Mahkemesi :Çanakkale Sulh Hukuk Hakimliği
Tarihi :11.03.2013
Numarası :2011/845-2013/272

Yukarıda tarih ve numarası yazılı hükmün duruşmalı olarak temyizen tetkiki davalı vekili tarafından istenmiş olmakla duruşma için tayin edilen günde davacı vekili Avukat .. ile davalı vekilleri Avukat .. ve Avukat … geldi. Temyiz dilekçesinin süresi içinde verildiği anlaşıldıktan ve hazır bulunan taraflar avukatları dinlendikten sonra vaktin darlığından ötürü işin incelenerek karara bağlanması başka güne bırakılmıştı. Bu kere dosyadaki kağıtlar okunduktan sonra işin gereği konuşulup düşünüldü:
– K A R A R –
Dava, ”yap-işlet-devret” sözleşmesinden kaynaklanan sözleşmenin feshi ve taşınmazın iadesi istemine ilişkindir. Davacı taşınmaz sahibi, davalı ise yüklenici durumundadır.

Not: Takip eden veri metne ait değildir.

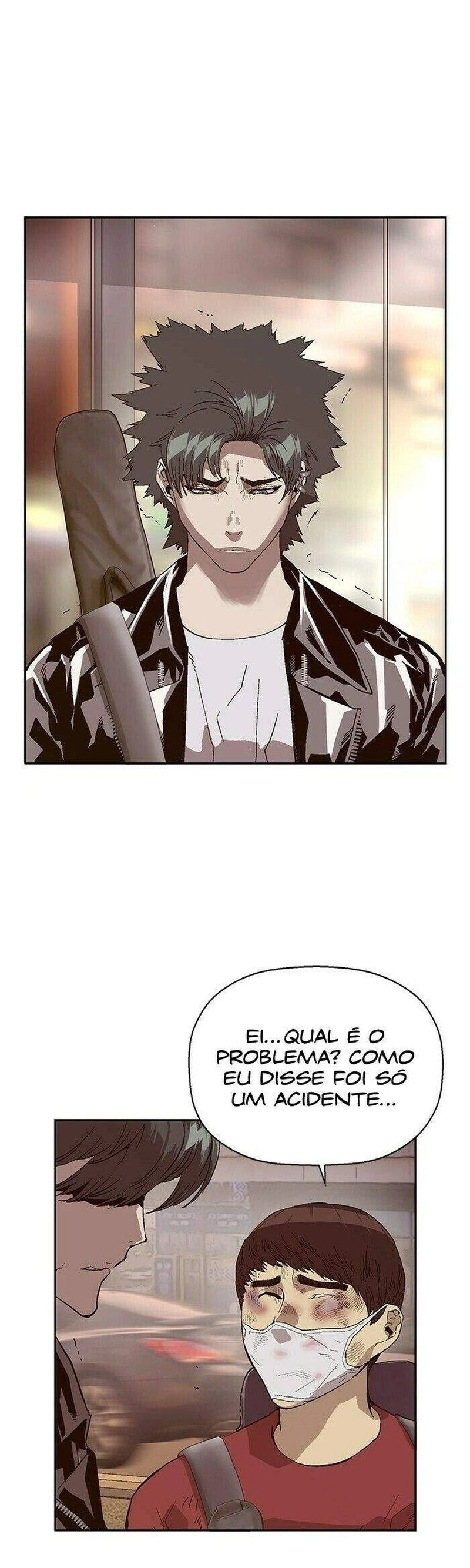 Read Weak Hero Português Manga Online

Davacı vekili; davacı müvekkili vakfa ait taşınmazın davalı şirkete kiraya verildiğini, bu taşınmaz üzerine davalı şirketin tesisler yapacağını ve sonrasında davacı müvekkili vakfa devredeceğini, ancak; davalı şirketin yükümlülüklerini tam olarak yerine getirmediğini iddia ederek sözleşmenin feshi ile taşınmazın kalan bölümünün devrini talep ve dava etmiş, davalı vekili ise; edimlerini sözleşme hükümlerine göre yerine getirdiklerini, taşınmazın bir kısmının davacının onayı ile alt kiraya verildiğini, sözleşmenin feshini gerektirir bir sebep bulunmadığını savunarak davanın reddini istemiş, mahkemece yapılan yargılama sonucunda davanın kabulüne karar verilmiş, verilen karar davalı vekilince süresinde temyiz edilmiştir.

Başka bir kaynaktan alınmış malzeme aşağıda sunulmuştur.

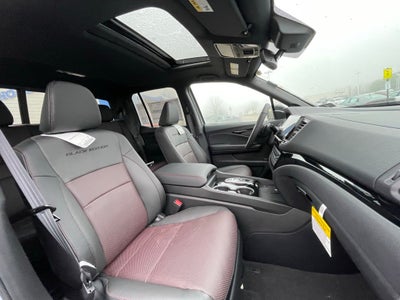 2026 Honda Ridgeline Black Edition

Dava, mülga 1086 sayılı Hukuk Usulü Muhakemeleri Kanunu’nun yürürlükte olduğu 10.06.2011 tarihinde açılmıştır. Görevli mahkemenin tayinin de bu kanun hükümlerinin uygulanması gerektiği açıktır. Görev, kamu düzenini ilgilendirdiğinden davanın her aşamasında mahkeme tarafından re’sen nazara alınması gerektiği hususu da gözden uzak tutulmamalıdır.
Bir davada olayları anlatmak taraflara, olayların hukuki nitelendirmesini yapmak ise mahkemeye ait bir görevdir.
Bu açıklamalar ışığında somut olayımız incelendiğinde; her ne kadar taraflar ve mahkemece davanın niteliği kira olarak belirlenmiş ise de; taraflar arasındaki uyuşmazlık, kira sözleşmesinden değil, 15.01.1998 tarihli ”yap-işlet-devret” sözleşmesinden kaynaklanmakta olup, “yapım” döneminde ortaya çıkan uyuşmazlıklarda davaya bakmakla görevli mahkemenin mülga 1086 sayılı Hukuk Usulü Muhakemeleri Kanunu’nun 1- 8.madde hükümlerine göre belirlenmesi gerektiğinden, davanın belirlenen niteliği ile davaya konu edilen müddeabihin miktarına göre davaya bakma görevi asliye hukuk mahkemesinindir. Bu nedenle görevsizlik kararı verilmesi gerekir iken mahkemenin görevli olmadığı hususu gözden kaçırılarak yargılamaya devam edilerek esasa ilişkin hüküm kurulması doğru olmamış, hükmün bozulması gerekmiştir.
SONUÇ:Yukarıda açıklanan nedenlerle hükmün davalı yararına BOZULMASINA, bozma nedenine göre sair hususların incelenmesine şimdilik yer olmadığına, 1.100,00 TL duruşma vekâlet ücretinin davacıdan alınarak Yargıtay’daki duruşmada vekille temsil olunan davalıya verilmesine, ödediği temyiz peşin harcının istek halinde temyiz eden davalıya geri verilmesine, karara karşı tebliğ tarihinden itibaren 15 gün içinde karar düzeltme isteminde bulunulabileceğine 03.12.2014 gününde oybirliğiyle karar verildi.